= Miloš Babić (artist) =

Miloš Babić (1904–1968) was a Yugoslav painter, illustrator, designer, graphic artist who studied the avant-garde movement with his circle of Zenit artists whose early work anonymity was not recognizable to the public at the time when it first began in Zagreb and Belgrade. Babić considered himself simply a painter engaged in graphic design in order to make a living and not starve while waiting for his work to sell. With the passage of time, his graphic design work became part of collections now held at the National Museum in Belgrade, Museum of Applied Arts in Belgrade and the Municipal Museum of Subotica.

==Biography==
Miloš Babić was born in 1904 in Segedin, Austria-Hungary, where he enrolled in the School of Applied Arts, Department of Interior Architecture, in 1918, and graduated in 1921. He decided to move to Subotica in the same year, where he studied by drawing and other works of applied art. His career began to flourish in 1923 when he moved from Subotica to Belgrade. There he became a successful illustrator of magazine covers, advertisements, decorations, signboards and film posters for movie theatres. He was also successful as a painter and portrait painter. He collaborated on commissions through brothers Oto Bihalji-Merin and Pavle Bihali-Merin who owned an advertising agency Futur in Belgrade until 1927. Babić's best work is found in his advertising poster illustrations from the avant-garde Art Deco period of the 1930s in the collection of the Museum of Applied Arts, Belgrade, and his nine oil paintings in the Subotica City Museum. Influenced by German art school Bauhaus, colleagues Lajos Kassák, and Ljubomir Micić, Babić's own experience in international constructivism and the understanding of postulates of modern advertising, were the driving force during the height of his creative period (the late 1920s to World War II). His work covered all conventional forms of advertising (newspaper and cinema advertisements, promotional flyers, posters, labels for different products, and visual identity of companies such as brands.

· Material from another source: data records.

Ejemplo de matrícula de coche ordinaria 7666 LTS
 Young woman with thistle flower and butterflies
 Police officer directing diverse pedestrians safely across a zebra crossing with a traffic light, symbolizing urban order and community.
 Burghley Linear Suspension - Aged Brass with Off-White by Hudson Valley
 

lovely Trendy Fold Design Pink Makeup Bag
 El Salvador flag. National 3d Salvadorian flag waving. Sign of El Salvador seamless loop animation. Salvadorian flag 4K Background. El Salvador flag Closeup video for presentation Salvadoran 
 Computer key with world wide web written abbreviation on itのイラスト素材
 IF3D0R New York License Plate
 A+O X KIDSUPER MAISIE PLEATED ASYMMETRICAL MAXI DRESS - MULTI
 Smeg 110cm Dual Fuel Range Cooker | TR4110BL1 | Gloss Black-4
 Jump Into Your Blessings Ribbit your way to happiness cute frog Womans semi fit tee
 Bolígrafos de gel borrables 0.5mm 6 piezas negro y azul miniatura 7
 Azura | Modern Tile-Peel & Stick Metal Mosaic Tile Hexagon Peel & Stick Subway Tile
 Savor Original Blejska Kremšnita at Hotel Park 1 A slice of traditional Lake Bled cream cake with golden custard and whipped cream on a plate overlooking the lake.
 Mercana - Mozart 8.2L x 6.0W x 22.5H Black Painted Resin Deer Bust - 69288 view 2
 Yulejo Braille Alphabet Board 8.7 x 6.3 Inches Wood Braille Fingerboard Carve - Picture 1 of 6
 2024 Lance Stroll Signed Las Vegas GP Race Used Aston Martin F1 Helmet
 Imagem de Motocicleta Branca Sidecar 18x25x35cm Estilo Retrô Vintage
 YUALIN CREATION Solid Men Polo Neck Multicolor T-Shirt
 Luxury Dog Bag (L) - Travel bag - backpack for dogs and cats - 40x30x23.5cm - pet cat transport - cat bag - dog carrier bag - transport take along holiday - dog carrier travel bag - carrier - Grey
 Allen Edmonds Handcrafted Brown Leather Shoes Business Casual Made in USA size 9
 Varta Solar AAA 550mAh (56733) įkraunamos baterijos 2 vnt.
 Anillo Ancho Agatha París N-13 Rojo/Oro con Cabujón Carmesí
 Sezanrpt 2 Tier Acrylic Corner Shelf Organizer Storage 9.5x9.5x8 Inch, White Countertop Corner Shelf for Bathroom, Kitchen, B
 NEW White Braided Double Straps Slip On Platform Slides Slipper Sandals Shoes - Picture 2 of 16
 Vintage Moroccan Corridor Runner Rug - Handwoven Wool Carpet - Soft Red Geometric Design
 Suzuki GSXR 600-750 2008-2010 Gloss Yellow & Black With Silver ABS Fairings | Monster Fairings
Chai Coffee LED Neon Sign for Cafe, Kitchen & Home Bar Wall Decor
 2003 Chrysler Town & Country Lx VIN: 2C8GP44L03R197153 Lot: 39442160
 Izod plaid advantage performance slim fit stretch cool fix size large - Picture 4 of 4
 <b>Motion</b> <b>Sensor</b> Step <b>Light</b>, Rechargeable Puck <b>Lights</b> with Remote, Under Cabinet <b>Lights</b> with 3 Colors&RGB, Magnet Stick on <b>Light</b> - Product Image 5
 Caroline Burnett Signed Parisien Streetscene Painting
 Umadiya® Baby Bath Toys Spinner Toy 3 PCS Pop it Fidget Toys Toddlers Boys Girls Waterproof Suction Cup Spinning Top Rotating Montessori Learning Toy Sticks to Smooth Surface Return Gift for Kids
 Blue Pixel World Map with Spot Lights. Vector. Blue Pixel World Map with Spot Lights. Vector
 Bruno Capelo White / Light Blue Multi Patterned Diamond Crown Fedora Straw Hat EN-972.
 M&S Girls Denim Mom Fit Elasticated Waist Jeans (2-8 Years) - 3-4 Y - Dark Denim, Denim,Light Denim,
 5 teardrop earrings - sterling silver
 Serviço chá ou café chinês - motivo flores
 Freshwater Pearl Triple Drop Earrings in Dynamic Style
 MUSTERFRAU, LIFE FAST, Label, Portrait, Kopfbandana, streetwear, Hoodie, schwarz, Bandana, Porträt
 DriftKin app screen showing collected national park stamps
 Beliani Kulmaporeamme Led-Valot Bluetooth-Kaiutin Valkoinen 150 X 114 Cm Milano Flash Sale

Today Ваbić and his work are connected to the ideas of Arpad G. Balázs, an ethnic Hungarian artist who worked in Subotica at the same time as Babić. Babić's oil paintings were done in Subotica between 1927 and 1937 with the intent to be displayed at the Exposition Internationale des Arts et Techniques dans la Vie Moderne in Paris in 1937. The collection included: Day-and-night work; The Banner of Реасе (1930); Anarchist at work; Satan's dream or а Vision of а War (1936); Warrior; Dictator (1936); Pilots; Rocketstation, also known as Metropolis, Air Earth Maneuver. In all these pictures Babić integrated content that would correspond to his poster drafts, especially in Fritz Lang's expressionist film Metropolis, that had а great influence оn him and his peers.